An agnostic wrapper for the most common frameworks of ML models.
Project description
Clearbox AI Wrapper
Clearbox AI Wrapper is a Python library to package and save a Machine Learning model built with common ML/DL frameworks. It is designed to wrap models trained on strutured data. It includes optional pre-processing and data cleaning functions which can be used to build ready-to-production pipelines.
Main Features
The wrapper is largely based on mlflow and its standard format. It adds the possibility to package, together with the fitted model, pre-processing and data cleaning functions in order to create a production-ready pipeline able to receive new data, pre-process them and makes predictions.

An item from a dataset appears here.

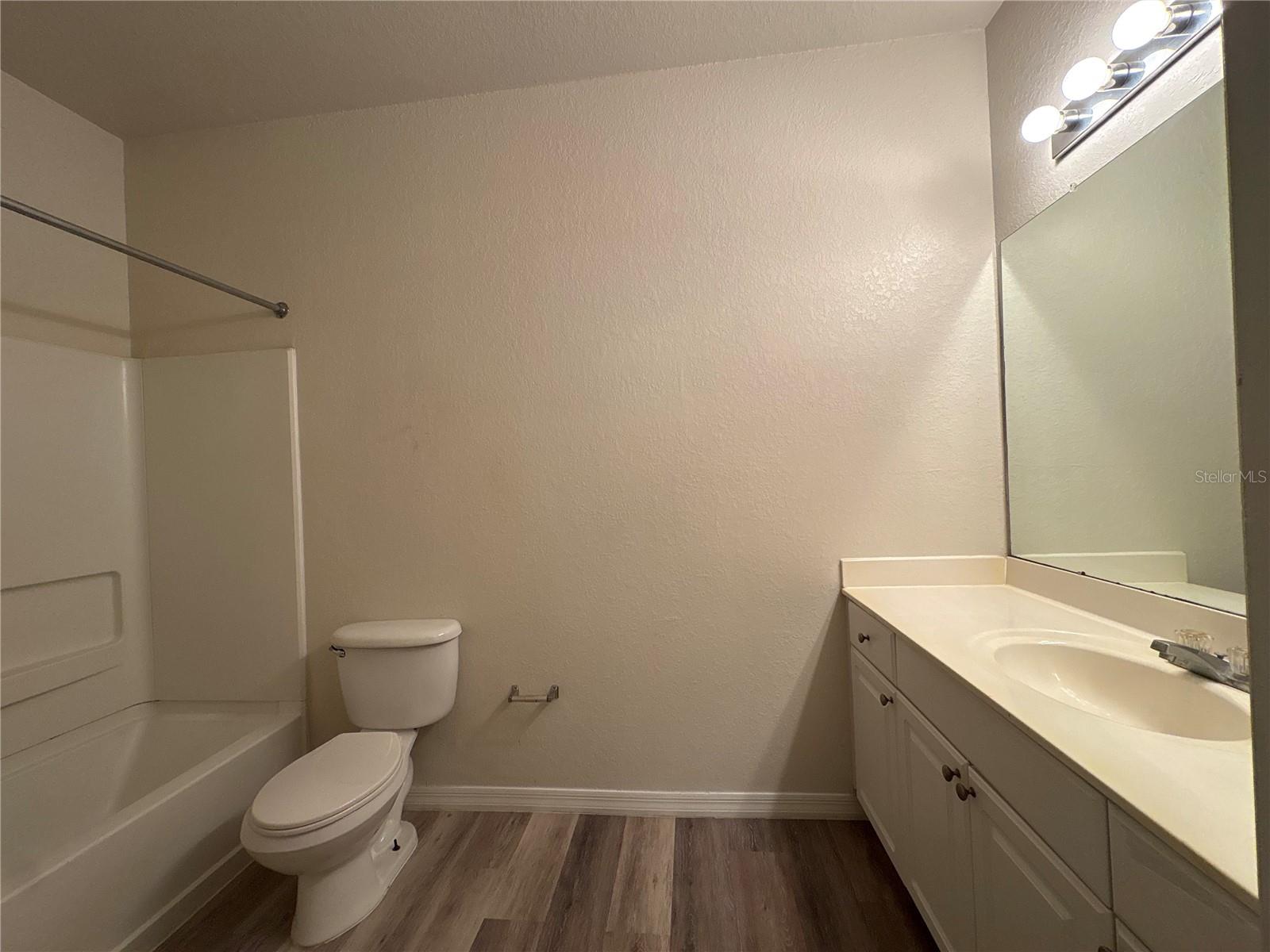 8009 Hemingway Cir #8009 Property Photo 7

The resulting wrapped model/pipeline is saved as a zipped folder.
The library is designed to automatically detect the model framework and its version adding this information to the requirements saved into the final folder. Additional dependencies (e.g. libraries used in pre-processing or data cleaning) can also be added as a list parameter if necessary.

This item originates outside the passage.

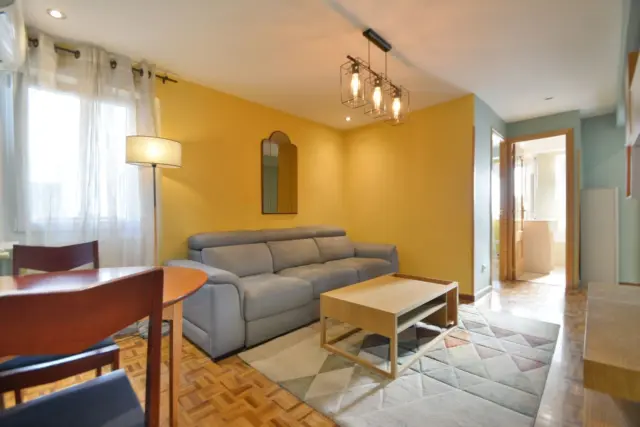 Piso en alquiler en Calle de Juan de Urbieta, cerca de Calle Valderribas - Imagen 36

The resulting wrapped folder can be loaded via the Wrapper and the model will be ready to take input through the predict
methods. The optional pre-processing and data cleaning functions, if present, can be loaded as separate functions as well.
IMPORTANT: The predict
method of the wrapped model outputs class probabilities by default (if the corresponding method is present in the original model). If a predict_proba
method is not present in the wrapped model (e.g. regression problems or models that output probabilities by default), the wrapper will use the predict
method instead.
Pre-processing
Typically, data are pre-processed before being fed into the model. It is almost always necessary to transform (e.g. scaling, binarizing,...) raw data values into a representation that is more suitable for the downstream model. Most kinds of ML models take only numeric data as input, so we must at least encode the non-numeric data, if any.
Pre-processing is usually written and performed separately, before building and training the model. We fit some transformers, transform the whole dataset(s) and train the model on the processed data. If the model goes into production, we need to ship the pre-processing as well. New raw data must be processed on the same way the training dataset was.

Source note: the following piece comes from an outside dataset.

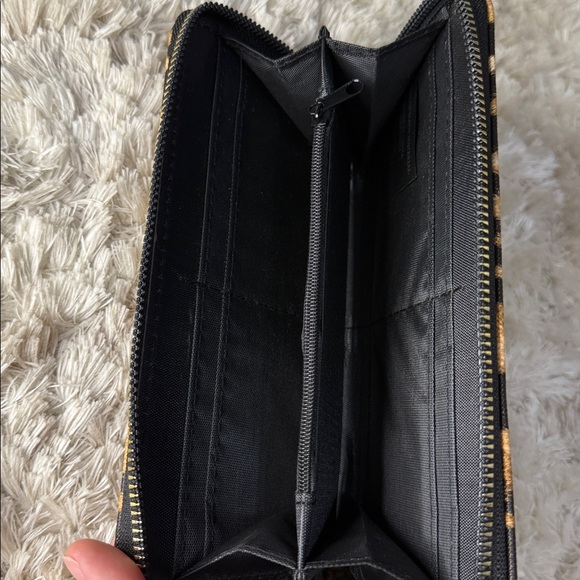 Leopard Print Wallet - Picture 4 of 9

With Clearbox AI Wrapper it's possible to wrap and save the pre-processing along with the model so to have a pipeline Processing+Model ready to take raw data, pre-process them and make predictions.
All the pre-processing code must be wrapped in a single function so it can be passed as a parameter to the save_model
method. You can use your own custom code for the preprocessing, just remember to wrap all of it in a single function, save it along with the model and add any extra dependencies.
IMPORTANT: If the pre-processing includes any kind of fitting on the training dataset (e.g. Scikit Learn transformers), it must be performed outside the final pre-processing function to save. Fit the transformer(s) outside the function and put only the transform
method inside it. Furthermore, if the entire pre-processing is performed with a single Scikit-Learn transformer, you can directly pass it (fitted) to the save_model
method.
Data Cleaning (advanced usage)
For a complex task, a single-step pre-processing could be not enough. Raw data initially collected could be very noisy, contain useless columns or splitted into different dataframes/tables sources. A first data processing is usually performed even before considering any kind of model to feed the data in. The entire dataset is cleaned and the following additional processing and the model are built considering only the cleaned data. But this is not always the case. Sometimes, this situation still applies for data fed in real time to a model in production.
We believe that a two-step data processing is required to deal with this situation. We refer to the first additional step by the term Data Cleaning. With Clearbox AI Wrapper it's possible to wrap a data cleaning step as well, in order to save a final Data Cleaning + Pre-processing + Model pipeline ready to takes input.
All the data cleaning code must be wrapped in a single function so it can be passed as a parameter to the save_model
method. The same considerations wrote above for the pre-processing step still apply for data cleaning.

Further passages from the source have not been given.